Aménager un coin lecture qui respire la montagne
Quelques mètres carrés bien pensés suffisent. Lumière naturelle, fauteuil profond, matières chaudes : un coin lecture qui prend du temps à s'asseoir vraiment.
Un coin lecture n’est pas un meuble, c’est une habitude. On en mesure la qualité au temps qu’on y passe sans s’en rendre compte. La règle est simple : si l’on s’y assoit pour cinq minutes et que l’on se relève deux heures plus tard, le coin est réussi.
Je détaille ici quelques choix qui marchent, observés dans des intérieurs de chalets et adaptés à des appartements en ville.
Choisir l’emplacement avant le mobilier
Avant d’acheter quoi que ce soit, regardez votre pièce à différentes heures. Repérez l’endroit où la lumière naturelle se pose le matin, et celui qui reste éclairé en fin d’après-midi. Idéalement, le coin lecture profite des deux, ou au moins d’un des deux.
Évitez les passages. Un fauteuil entre la cuisine et le couloir est sans cesse contourné. Privilégiez un angle, le bout d’une bibliothèque, une alcôve sous escalier. Le sentiment d’enveloppement compte autant que le confort du siège.
Le fauteuil, juste un peu plus profond
Un bon fauteuil de lecture n’est pas un canapé miniature.

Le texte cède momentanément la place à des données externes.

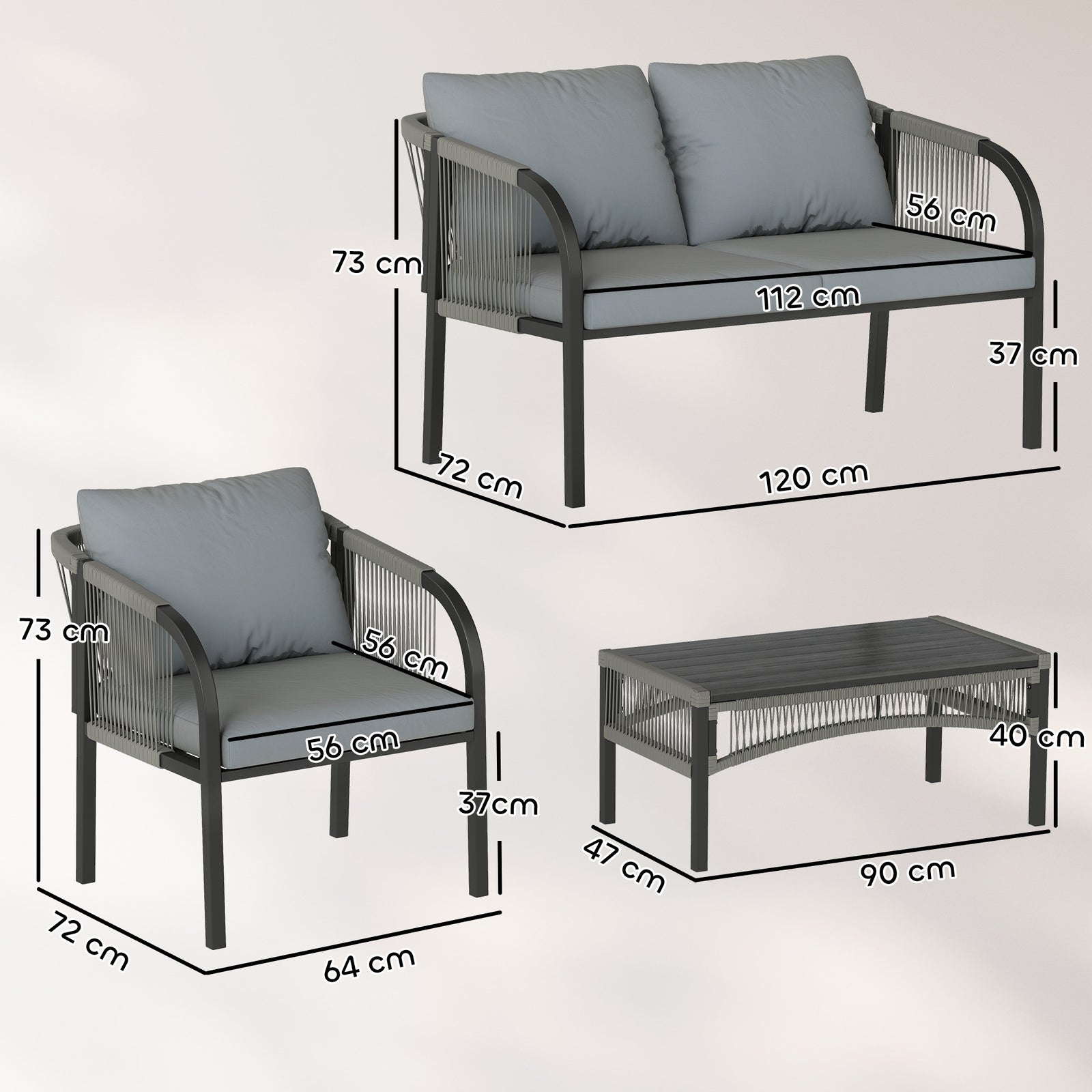 4 Piece Rattan Garden Furniture Set W/ Steel Frame, Cushions, Grey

Il est plus profond qu’un siège de salle à manger, plus enveloppant qu’une chaise de bureau, mais reste assez ferme pour qu’on s’y tienne. Les fauteuils trop mous fatiguent le dos après vingt minutes.

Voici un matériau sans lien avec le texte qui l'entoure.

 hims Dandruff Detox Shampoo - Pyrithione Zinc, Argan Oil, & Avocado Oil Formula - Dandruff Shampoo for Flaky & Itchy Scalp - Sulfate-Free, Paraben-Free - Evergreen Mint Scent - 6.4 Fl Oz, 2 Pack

Cuir patiné ou laine épaisse fonctionnent tous les deux. Le premier vieillit en se marquant, la seconde absorbe la chaleur d’une chambre froide. Pour un appartement chauffé, le tissu reste plus agréable au contact.

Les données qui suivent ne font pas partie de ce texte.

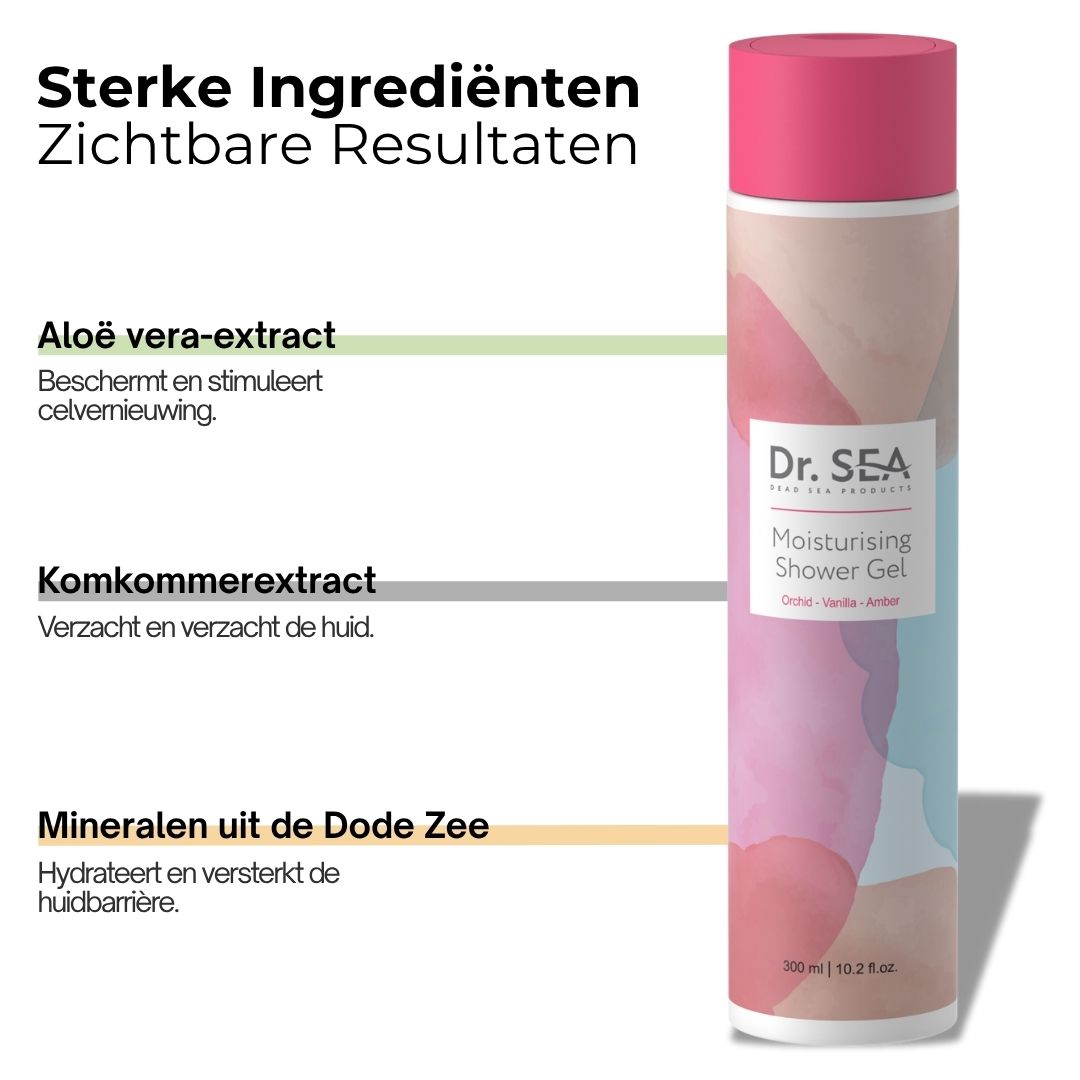 Douchegelfles met ingrediënten. Tekst: Dr. SEA, Moisturising Shower Gel. Ingrediënten: Aloë vera, komkommer, mineralen.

Comptez un repose-pieds, ou au moins un tabouret bas qui permette de poser les jambes. Sans cela, on ne s’installe pas vraiment.
Lumière artificielle : chaude et latérale
La lampe se choisit en fonction de l’orientation de la lecture. Pour un droitier, on la place à gauche, pour qu’elle n’ombre pas la page. Une ampoule chaude (autour de 2700 kelvins) repose les yeux mieux qu’une lumière froide. Évitez les éclairages d’appoint trop puissants : ils font ressortir les contrastes du papier et fatiguent.
Une lampe articulée à pied haut, posée derrière le fauteuil, donne un faisceau orientable sans prendre de place sur une table d’appoint.
Une petite table, à hauteur d’accoudoir
Il faut pouvoir poser un livre, un thé, une paire de lunettes. Pas plus. Une petite table d’appoint en bois brut, ronde de préférence pour éviter les angles, suffit. Sa hauteur doit affleurer l’accoudoir : on tend la main sans regarder, on retrouve son thé.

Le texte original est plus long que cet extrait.